Wenn BG und TÜV unsere Anlagen begutachten, werfen die nicht einen Blick in die Berechnungen. Die Risikoanalyse, Gefahrenbeurteilung und Betriebsanleitung wird nur kurz durchgeblättert. Da interessieren auch nur die offensichtlichen Gefahrenstellen und ob die Schutzmaßnahmen nach techn. Sachverstand und Erfahrungswerten ausreichend sind. 
Selbst bei den Ex-Schutz Abnahmen, wo der Prüfer wirklich fast alle Betriebsmittel und Erdungs-Punkte begutachtet, hat sich noch nie jemand für die Berechnungen zu den eigensicheren Stromkreisen interessiert.

Der ganze Papierstapel wird erst gebraucht, wenn man sich vor Gericht streiten muss und wirklich jedes Haar in der Suppe gesucht wird. Aber wenn das Sicherheitskonzept stimmig ist, kommt es ja garnicht so weit, weil die Anlage sicher ist auch wenn es nicht explizit in Zahlen gefasst werden kann.

@Blockmove
Wir haben externe Gutachten zu unseren Anlagen anfertigen lassen (TÜV / Dekra). Die waren von der Qualität und Umfang ala "Hätten wir auch selber machen können". Die reiten auch nur auf den offensichtlichen Sachen herum.


----------



## Safety (19 Februar 2016)

stevenn schrieb:


> ich kann eure Einwände nachvollziehen. Nur stellt sich hier für mich die Frage, ob wir nun alles nach der 13849 oder vergleichbare Normen machen müssen.
> Prinzipiell muss man ja keine Normen einhalten.Ich kann auch Sicherheitsfunktionen 3- oder 4-kanalig aufbauen, diese Sicherheit kann ich auch mit keiner Norm nachweisen. Mit dem gesunden Menschenverstand kann man aber sagen, das etwas was 3-kanalig aufgebaut wird, höchstwahrscheinlich noch sicherer ist als ein 2-kanaliger Aufbau.

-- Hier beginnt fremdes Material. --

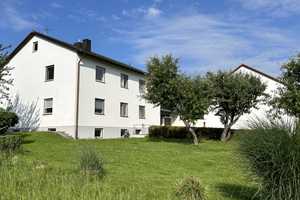 ehemalige Hofstelle auf 38.000 qm Grund mit 2-Fam-Haus + Baurecht für EFH, Alleinlage – Glockshub 3, 84416 Erding (Kreis) – Vorschaubild 5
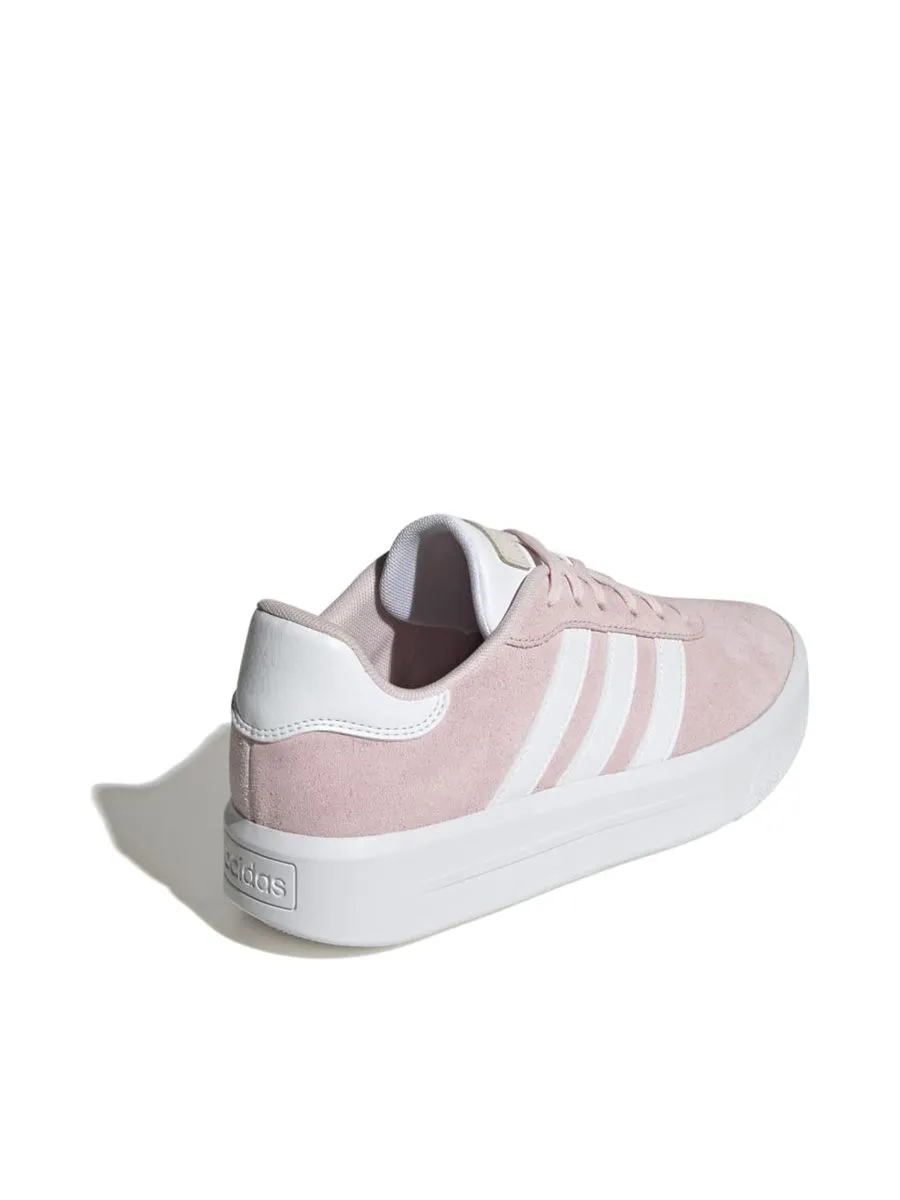ADIDAS Women Sneakers Court Silk IG8610 ADIDAS Women Sneakers Court Silk IG8610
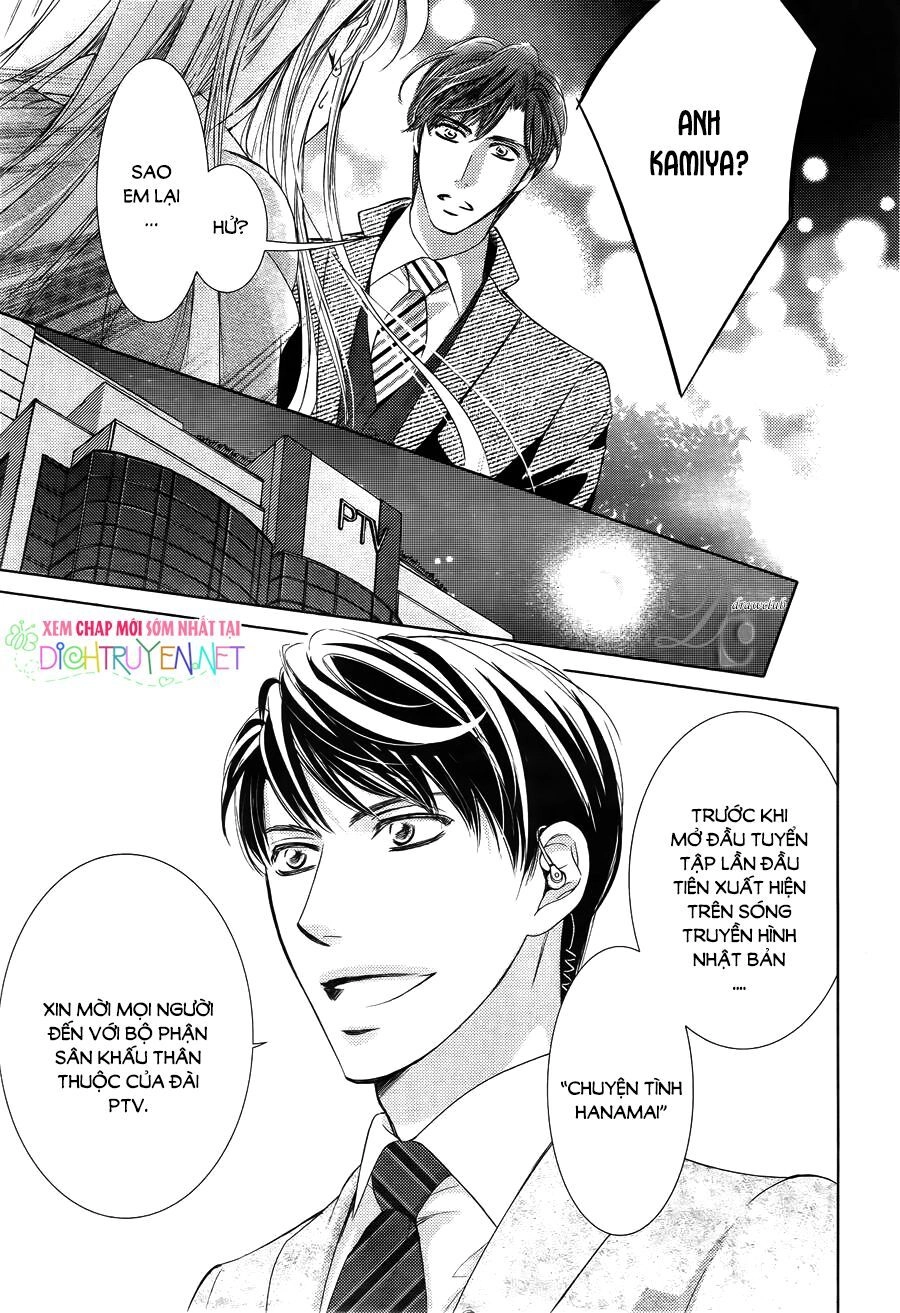 Ai Rồi Cũng Phải Kết Hôn Chapter 25 - 9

Unsere Sicherheitsnormen hören halt bei 2-kanaligkeit auf. wenn ich jetzt ein Verfahren entwickle, das nach gesundem Menschenverstand sicher ist ( ich aber mit keiner Norm vernünftig nachweisen kann), dann ist das doch ähnlich.
> Ich will doch keine Norm umgehen, ich kann nur z.B. die 13849-2 hier nicht anwenden.


Hallo,
also wendet Ihr nun Normen an oder nicht oder nur dann wenn es euch passt?
Was steht den auf eurer Konformitätserklärung?
Wie soll denn die BA- Wahl in 3 oder 4 Kanalig aussehen? 3-4 Panels, 3-4 Computer die dann auf 3-4 Sichere Eingänge gehen, oder ist da ein einziger Computer (SPS) dazwischen.
Gesunder Menschenverstand, diesen Begriff höre ich immer dann wenn es dem Gegenüber nicht passt was so gefordert wird.  Leider stellt sich dann auch sehr schnell heraus das der Menschenverstand genauso oft schwankt wie die Menschen die diesen Anwenden. Aber Ihr weist den Stand der Technik mit einer FMEA nach und beweist so dass diese von euch erstellte Sicherheitsfunktion gleichwertig ist. Und jetzt gehen wir mal davon aus das Ihr keine Normen anwendet, dann habt Ihr eine sehr interessante Dokumentation und sehr viel Arbeit vor euch, ob das aber der richtig weg im Sondermaschinenbau ist?
Wie gut eine Sicherheitsfunktion BA-Wahl sein muss ist sehr abhängig von dem Sicherheitsniveau der weiteren Maßnahmen. Und da war doch was in einem andern Beitrag von Dir das es da auch schwierig ist, oder?
Aus Erfahrung und in letzter Zeit vermehrten Kontakten zu Marktüberwachung kann ich Dich nur warnen. Es gibt im Süden von Deutschland eine Behörde die zu Maschinenbau Firmen fährt und genau Dein Thema abfragen. Wie ist die Risikobeurteilung zu den Sonderbetriebsarten und wie sind diese ausgeführt, dazu wollen die die Bewertungen nach DIN EN ISO 13849-1 oder DIN EN 62061 sehen. Weiterhin habe ich mehrere Firmen die Maschinen nachrüsten müssen auch wegen Mangelhaft ausgeführten Sicherheitsmaßnahmen und Sicherheitsfunktionen. Ich habe zurzeit extrem viele Anfragen von Verwendern von Maschinen die in einem bestimmten Zeitraum mehrere Meldepflichtige Unfälle hatten, da kommt dann die Gewerbeaufsicht und verlangt die GBU nur die ist sehr oft nicht vorhanden und dann geht es los.
Es gibt auch Europäische Länder die Maschinen aus diesem Grund in erheblichen Maß stillgesetzt haben und der Hersteller musste nachbessern. Einige davon gibt es nicht mehr.
Ich kann auch nicht nachvollziehen warum ein Schlüsselschalter so ein Problem sein soll.


----------



## stevenn (19 Februar 2016)

Hallo Safety, ich versuche in der Reihenfolge deines Beitrages zu antworten.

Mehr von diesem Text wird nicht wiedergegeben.